Your task is to write out the complete listing exactly as it is shown.

================

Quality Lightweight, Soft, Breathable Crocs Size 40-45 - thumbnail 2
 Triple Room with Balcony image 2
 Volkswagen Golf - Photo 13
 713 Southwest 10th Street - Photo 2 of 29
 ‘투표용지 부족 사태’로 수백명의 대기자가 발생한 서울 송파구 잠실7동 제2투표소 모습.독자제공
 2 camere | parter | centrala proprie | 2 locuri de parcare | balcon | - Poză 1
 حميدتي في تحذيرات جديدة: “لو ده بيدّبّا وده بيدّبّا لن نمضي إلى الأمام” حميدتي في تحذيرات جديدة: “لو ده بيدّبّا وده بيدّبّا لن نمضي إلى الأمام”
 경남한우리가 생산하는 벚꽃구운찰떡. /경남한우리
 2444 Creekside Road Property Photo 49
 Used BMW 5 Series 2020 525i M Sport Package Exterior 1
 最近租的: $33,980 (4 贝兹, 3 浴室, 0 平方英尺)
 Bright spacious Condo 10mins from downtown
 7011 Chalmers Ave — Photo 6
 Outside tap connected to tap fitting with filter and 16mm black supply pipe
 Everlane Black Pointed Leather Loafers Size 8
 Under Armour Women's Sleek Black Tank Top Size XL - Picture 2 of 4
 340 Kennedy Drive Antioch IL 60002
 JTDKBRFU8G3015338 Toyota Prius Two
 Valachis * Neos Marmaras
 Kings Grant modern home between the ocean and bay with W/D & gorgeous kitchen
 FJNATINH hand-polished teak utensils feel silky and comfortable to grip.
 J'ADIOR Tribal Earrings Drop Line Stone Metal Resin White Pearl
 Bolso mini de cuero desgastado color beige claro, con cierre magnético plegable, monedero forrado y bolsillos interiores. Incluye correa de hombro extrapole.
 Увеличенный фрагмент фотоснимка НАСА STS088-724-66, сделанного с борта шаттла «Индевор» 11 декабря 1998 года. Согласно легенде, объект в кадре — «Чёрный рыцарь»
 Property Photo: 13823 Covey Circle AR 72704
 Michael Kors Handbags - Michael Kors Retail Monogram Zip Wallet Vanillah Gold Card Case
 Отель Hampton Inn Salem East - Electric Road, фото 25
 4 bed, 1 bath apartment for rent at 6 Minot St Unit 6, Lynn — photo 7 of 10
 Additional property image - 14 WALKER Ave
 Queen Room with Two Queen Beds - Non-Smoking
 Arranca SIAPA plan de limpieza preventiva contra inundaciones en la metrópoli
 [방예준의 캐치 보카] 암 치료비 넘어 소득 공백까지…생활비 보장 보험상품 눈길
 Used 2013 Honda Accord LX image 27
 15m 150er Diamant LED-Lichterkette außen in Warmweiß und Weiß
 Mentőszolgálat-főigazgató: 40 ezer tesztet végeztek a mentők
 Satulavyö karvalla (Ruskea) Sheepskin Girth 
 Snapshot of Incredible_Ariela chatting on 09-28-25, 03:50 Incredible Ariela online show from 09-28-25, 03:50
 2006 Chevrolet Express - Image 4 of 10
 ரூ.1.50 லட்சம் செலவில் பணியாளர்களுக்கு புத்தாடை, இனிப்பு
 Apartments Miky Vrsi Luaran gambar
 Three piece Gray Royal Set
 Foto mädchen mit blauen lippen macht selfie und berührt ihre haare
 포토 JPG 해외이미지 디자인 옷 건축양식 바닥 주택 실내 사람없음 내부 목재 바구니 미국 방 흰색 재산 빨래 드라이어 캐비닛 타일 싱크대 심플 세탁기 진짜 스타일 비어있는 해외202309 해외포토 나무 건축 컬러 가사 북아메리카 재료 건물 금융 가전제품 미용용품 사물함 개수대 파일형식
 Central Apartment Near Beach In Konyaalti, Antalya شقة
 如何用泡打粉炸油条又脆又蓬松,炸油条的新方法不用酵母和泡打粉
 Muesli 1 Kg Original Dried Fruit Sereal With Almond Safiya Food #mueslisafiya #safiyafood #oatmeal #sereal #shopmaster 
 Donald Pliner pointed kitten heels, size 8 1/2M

================

Written solution:
Quality Lightweight, Soft, Breathable Crocs Size 40-45 - thumbnail 2
 Triple Room with Balcony image 2
 Volkswagen Golf - Photo 13
 713 Southwest 10th Street - Photo 2 of 29
 ‘투표용지 부족 사태’로 수백명의 대기자가 발생한 서울 송파구 잠실7동 제2투표소 모습.독자제공
 2 camere | parter | centrala proprie | 2 locuri de parcare | balcon | - Poză 1
 حميدتي في تحذيرات جديدة: “لو ده بيدّبّا وده بيدّبّا لن نمضي إلى الأمام” حميدتي في تحذيرات جديدة: “لو ده بيدّبّا وده بيدّبّا لن نمضي إلى الأمام”
 경남한우리가 생산하는 벚꽃구운찰떡. /경남한우리
 2444 Creekside Road Property Photo 49
 Used BMW 5 Series 2020 525i M Sport Package Exterior 1
 最近租的: $33,980 (4 贝兹, 3 浴室, 0 平方英尺)
 Bright spacious Condo 10mins from downtown
 7011 Chalmers Ave — Photo 6
 Outside tap connected to tap fitting with filter and 16mm black supply pipe
 Everlane Black Pointed Leather Loafers Size 8
 Under Armour Women's Sleek Black Tank Top Size XL - Picture 2 of 4
 340 Kennedy Drive Antioch IL 60002
 JTDKBRFU8G3015338 Toyota Prius Two
 Valachis * Neos Marmaras
 Kings Grant modern home between the ocean and bay with W/D & gorgeous kitchen
 FJNATINH hand-polished teak utensils feel silky and comfortable to grip.
 J'ADIOR Tribal Earrings Drop Line Stone Metal Resin White Pearl
 Bolso mini de cuero desgastado color beige claro, con cierre magnético plegable, monedero forrado y bolsillos interiores. Incluye correa de hombro extrapole.
 Увеличенный фрагмент фотоснимка НАСА STS088-724-66, сделанного с борта шаттла «Индевор» 11 декабря 1998 года. Согласно легенде, объект в кадре — «Чёрный рыцарь»
 Property Photo: 13823 Covey Circle AR 72704
 Michael Kors Handbags - Michael Kors Retail Monogram Zip Wallet Vanillah Gold Card Case
 Отель Hampton Inn Salem East - Electric Road, фото 25
 4 bed, 1 bath apartment for rent at 6 Minot St Unit 6, Lynn — photo 7 of 10
 Additional property image - 14 WALKER Ave
 Queen Room with Two Queen Beds - Non-Smoking
 Arranca SIAPA plan de limpieza preventiva contra inundaciones en la metrópoli
 [방예준의 캐치 보카] 암 치료비 넘어 소득 공백까지…생활비 보장 보험상품 눈길
 Used 2013 Honda Accord LX image 27
 15m 150er Diamant LED-Lichterkette außen in Warmweiß und Weiß
 Mentőszolgálat-főigazgató: 40 ezer tesztet végeztek a mentők
 Satulavyö karvalla (Ruskea) Sheepskin Girth 
 Snapshot of Incredible_Ariela chatting on 09-28-25, 03:50 Incredible Ariela online show from 09-28-25, 03:50
 2006 Chevrolet Express - Image 4 of 10
 ரூ.1.50 லட்சம் செலவில் பணியாளர்களுக்கு புத்தாடை, இனிப்பு
 Apartments Miky Vrsi Luaran gambar
 Three piece Gray Royal Set
 Foto mädchen mit blauen lippen macht selfie und berührt ihre haare
 포토 JPG 해외이미지 디자인 옷 건축양식 바닥 주택 실내 사람없음 내부 목재 바구니 미국 방 흰색 재산 빨래 드라이어 캐비닛 타일 싱크대 심플 세탁기 진짜 스타일 비어있는 해외202309 해외포토 나무 건축 컬러 가사 북아메리카 재료 건물 금융 가전제품 미용용품 사물함 개수대 파일형식
 Central Apartment Near Beach In Konyaalti, Antalya شقة
 如何用泡打粉炸油条又脆又蓬松,炸油条的新方法不用酵母和泡打粉
 Muesli 1 Kg Original Dried Fruit Sereal With Almond Safiya Food #mueslisafiya #safiyafood #oatmeal #sereal #shopmaster 
 Donald Pliner pointed kitten heels, size 8 1/2M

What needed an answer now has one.